The Kennedy Men_ 1901-1963 - Laurence Leamer [473]
“What happens if Conein asks to see the bodies and discovers there were a couple of bullets in the back of the … in the back, of this kind?” said Bundy. “We don’t gain much by that.” The former Harvard dean could hardly get a straight sentence out of his cultured mouth.
“I don’t think we gain anything by it,” McCone said, trying to push the men away from this deadly scene.
“It would look like a planned design to remain uninformed under the circumstances,” Rusk said, not optimistic about the administration’s chances of pleading ignorance.
“I think we’re going to hear about it in the next twenty-four hours,” Kennedy said. Although the president apparently knew less about what had happened than several of his advisers, he realized that the press was onto the story. He had his own curiosity about the details of the murders.

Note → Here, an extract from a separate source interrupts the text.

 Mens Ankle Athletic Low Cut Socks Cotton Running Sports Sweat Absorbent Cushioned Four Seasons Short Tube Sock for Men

“If Big Minh ordered the execution, then, then, uh, I don’t know,” Kennedy mused. “Do we know that? Do we think he meant to?”
“Some suspect that,” said Hilsman.
“Some think he did,” said Bundy.
“He’s stupid then,” said Kennedy, half under his breath. No one would be able definitely to link the president to the assassination attempts against Castro, and there would always be uncertainty concerning exactly what he knew.
“I don’t think we should be informed in advance of everyone else on this so that the story gets to be our story,” Rusk said, seeking to push the deed further away from the door of the White House.
“I don’t know why they did that,” Kennedy said quietly, once again returning to the act.
Hilsman was a man who always had a ready answer. “Well, some of the reports show that the only time Minh got emotional was when Diem slammed the phone [down] on him.” It was a curious justification for murder, and the silence in the room signaled Hilsman to move on to a different subject.
“Sir,” Hilsman said, “this morning … this morning there was a discussion of a cable to go out tonight, getting on with the war.” The Americans had a war to fight, and they could not indulge in this speculation any longer.
Two days later Kennedy sat in the Oval Office. “One two three four five,” he said into a Dictaphone. “Monday, November 4, 1963. Over the weekend the coup in Saigon took place.”
For a man who stood at the epicenter of power, the president was extraordinarily dispassionate, not only in the decisions he made but equally in how he viewed them afterward. In this private moment he did not attempt to polish his image. He was his own best historian, treating himself as but another player in the complex tragicomedy of life.
Kennedy went through the major players one by one, accurately outlining where each man had stood on the coup. At times great events were determined not by principles or ideologies but by nothing greater than personal pique. In Kennedy’s assessment, McCone had opposed the coup “partly because of an old hostility to Lodge, which causes him to lack confidence in Lodge’s judgment, partly as a result of a new hostility because Lodge shifted his station chief.”
If Kennedy ever wrote this history, he would have first filled his pen with irony. He saw his own culpability not in any strong, willful action he had taken but in nothing more dramatic than the sloppy drafting of a cable at the outset. “I feel that we must bear a good deal of responsibility for it, beginning with our cable of early August in which we suggested the coup…. That wire was badly drafted. It should never have been sent on a Saturday. I should not have given my consent…. While we did redress that balance in later wires, that first wire encouraged Lodge along a course to which he was in any case inclined.”